> Task details: Except for the pictures, retype the records that follow exactly.

> Data to examine:
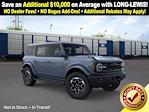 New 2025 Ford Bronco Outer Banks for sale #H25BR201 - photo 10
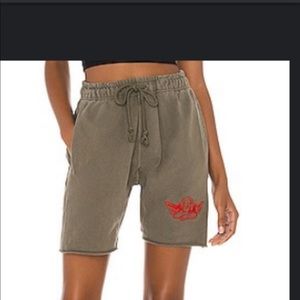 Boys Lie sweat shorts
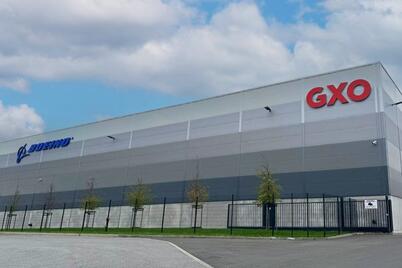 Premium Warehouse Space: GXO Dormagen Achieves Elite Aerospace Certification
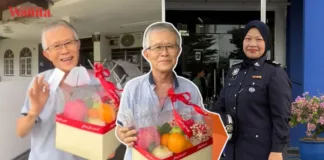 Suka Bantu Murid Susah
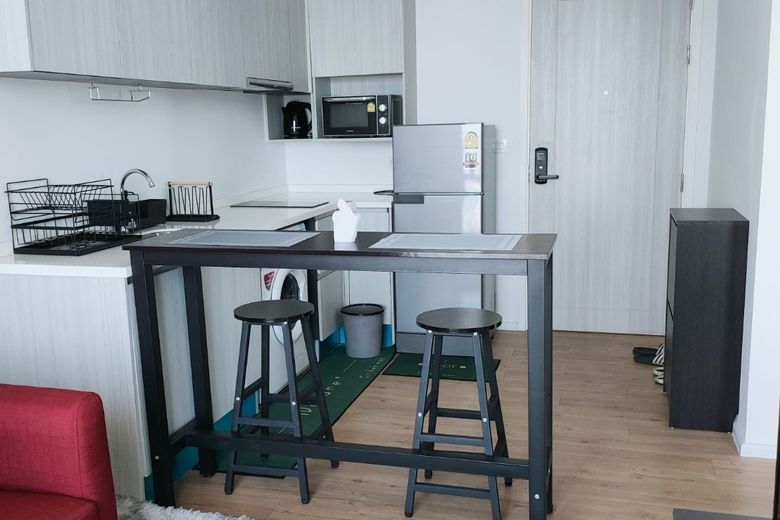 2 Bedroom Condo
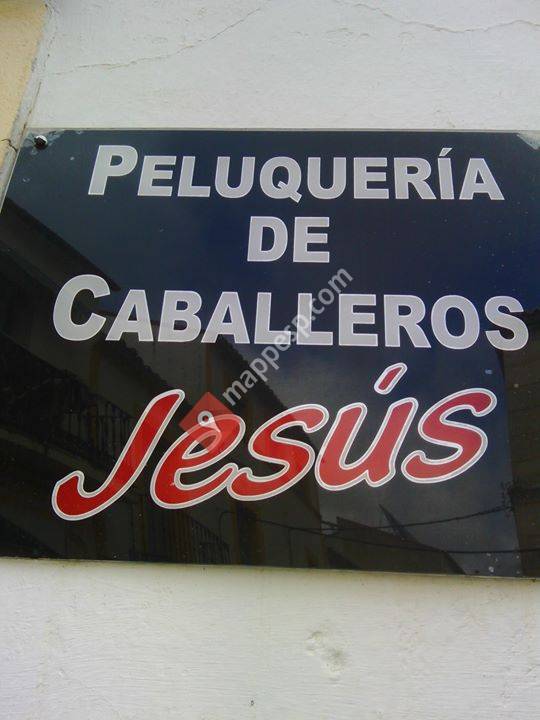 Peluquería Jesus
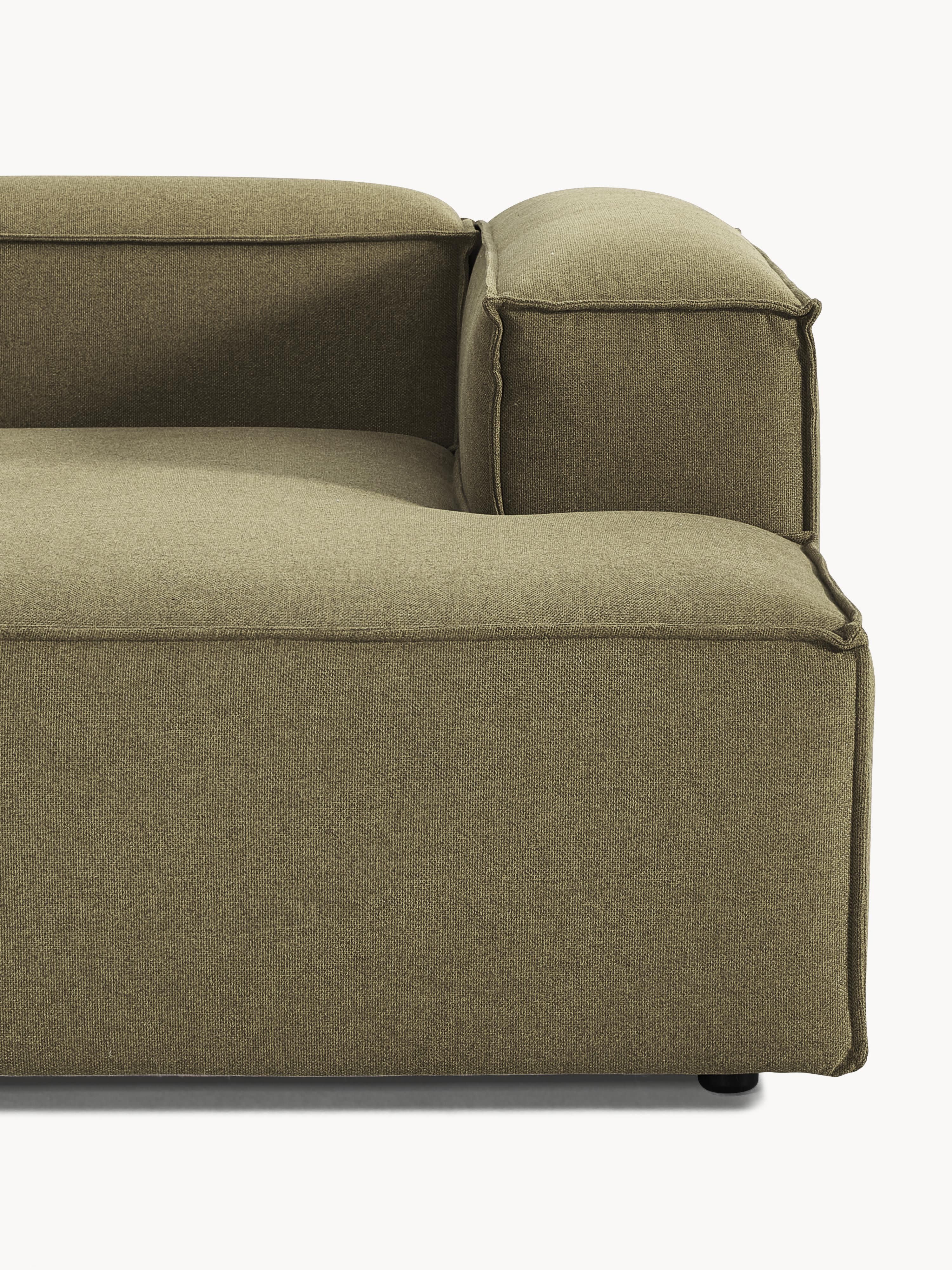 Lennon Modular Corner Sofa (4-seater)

> Solution to the exercise:
 New 2025 Ford Bronco Outer Banks for sale #H25BR201 - photo 10
 Boys Lie sweat shorts
 Premium Warehouse Space: GXO Dormagen Achieves Elite Aerospace Certification
 Suka Bantu Murid Susah
 2 Bedroom Condo
 Peluquería Jesus
 Lennon Modular Corner Sofa (4-seater)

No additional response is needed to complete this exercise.